Istanbul has a fruitful and inspired musical community and there has always been intrigue around dance music in the country. The scene was more colourful and vibrant back then. That proper '90s energy doesn't really exist anymore because of the social and political environment.
It started to lose momentum in the 2000s with time restrictions and huge taxes on alcohol and venues. Right now it is kind of a struggle in a chaotic political and social context. But with some dedicated people around and some luck it might change in a positive way. There is a circulation with new places opening and closing, and people here really could use a good night out.
Life has become harder and duller. As party people or music and art lovers, we are swimming against the stream with music. This is one of the few things we can hold on to. '90s nightlife in Istanbul was totally about collectivity and unity; sharing the moment on the dance floor. We were not captured by social media. There was no Shazam, no smart phones and definitely not the guy handing you a smart phone asking you to plug it in the mixer. But that was 20 years ago. The new generation who are going out now are born into a different era. They don't know how it was back then. And you can't demand or expect something you don't know. Especially the last four or five years, from promoters to venues, artists, DJs and the crowd—everyone is struggling with giant waves. But despite everything, there are still events, festivals, programmes, workshops, small groups and talented individuals keeping the fire burning.
You're playing an increasing number of gigs around Europe these days. Where have been your favourite spots?
This past year has been a bit crazy, I agree :) I had the chance to meet some top peeps and also play at incredible parties. So far, my top spots include Sameheads in Berlin. This is one of my favourite places (actually top of the pops!) from the musical taste to amazing and welcoming members, it's incredible! Whenever I play or go there I feel like home with my cats.
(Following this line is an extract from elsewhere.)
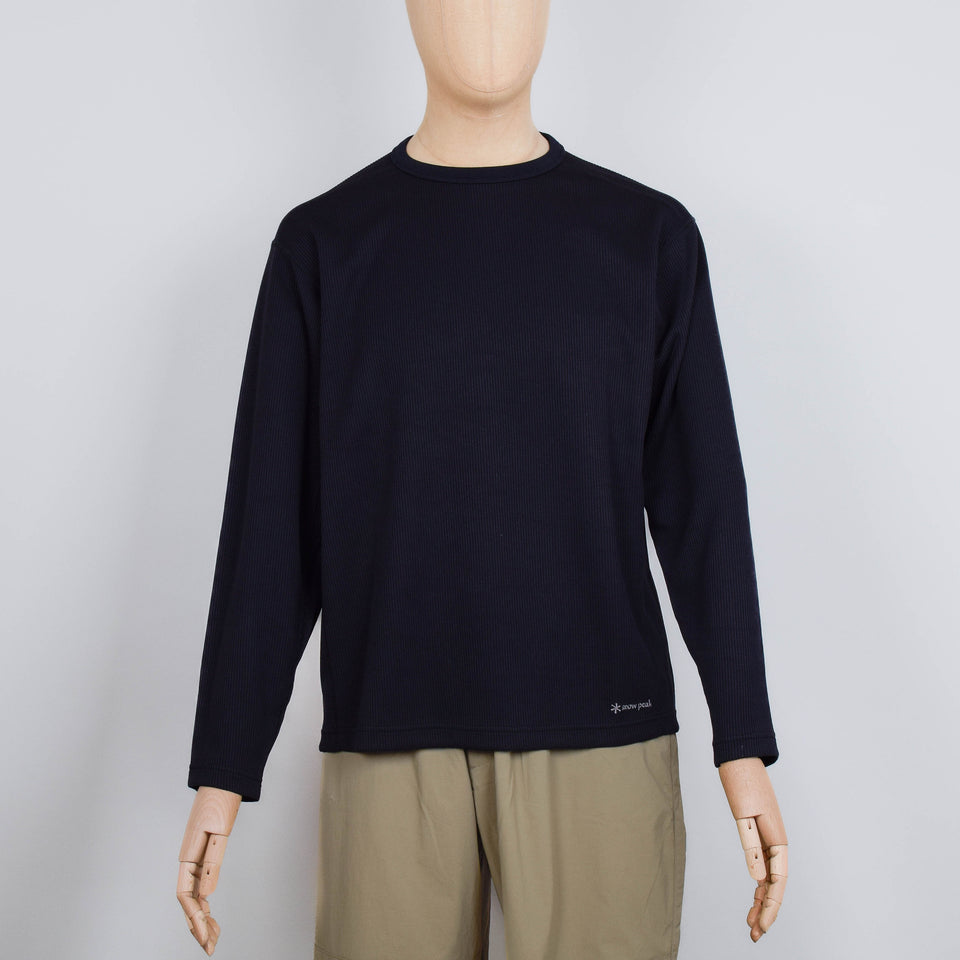 Snow Peak Dry Thermal Long Sleeve T-Shirt - Black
Switzerland's Les Belles De Nuit festival and community has been one of the best encounters of my life so far. They support, promote and network women and other underrepresented groups in the electronic music and cultural scene. I also really like going to Red Light Radio. The crew is so friendly. I feel happy to play what I want. The radio is the freedom, the radio is the voice. It's nice to connect with people with music from the radio channel ;) It's also every time a pleasure to do a party with the nice people from SSFB.
Bassiani is another one of my best experiences—from A to Z it was so amazing. The people are super friendly, dedicated and aware on what's going on. Recently I fell in love with Kraftfeld Club in Winterthur (Swiss) and beside everything, they have an amazing homemade lemonade!
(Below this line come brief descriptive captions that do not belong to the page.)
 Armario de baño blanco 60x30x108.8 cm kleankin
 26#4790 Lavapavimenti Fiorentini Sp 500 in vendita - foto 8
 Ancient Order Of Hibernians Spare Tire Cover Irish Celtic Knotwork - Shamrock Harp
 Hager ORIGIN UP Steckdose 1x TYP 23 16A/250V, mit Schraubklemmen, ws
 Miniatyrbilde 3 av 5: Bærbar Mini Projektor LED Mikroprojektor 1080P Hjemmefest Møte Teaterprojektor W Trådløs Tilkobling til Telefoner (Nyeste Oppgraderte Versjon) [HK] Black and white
Did also a top tour in Israel with Ray Harel from Tel Aviv to Jerusalem's only nightclub, Pergamon. It was deep! I felt so connected with Jerusalem's people. They were friendly, open-minded and ready to dance, despite everything. I really like going to Bordeaux and spending time with my friends from otto disques and TPLT Collective. Top selection there, if you happen to be in town go and check them.
Had a super good time with PLUs (People Like Us) in Bristol. It was top, probably one of my best sets thanks to the crowd, which gave me super good energy.
And from my hometown, Gizli Bahçe is the place. I used to go there when I was a kid. We were skipping high school, having the classic adventures of being a teenager. Grunge, punk, youth, books, discovering new music, following the new releases, mostly albums on CDs, cassettes or vinyl, ending up at the mighty Gizli Bahçe and getting drunk. Now I go there for DJing almost after 20 years, it feels so good. Magical nights and easy rides are still happening there! They have just changed the mixer and CD players. Before it was too old and too cool.
What are you up to next?
I'm struggling with my UK visa application. It's becoming more and more difficult for Turkish citizens to travel. Maybe I can show this interview and invite them to the next party in the UK. I'm working on a new project: trying to set up a sound bar and restaurant in Berlin with some friends. Also, I'm working on my summer schedule and the next festivals—this is pretty exciting and I'm looking forward to joining all the crews and parties.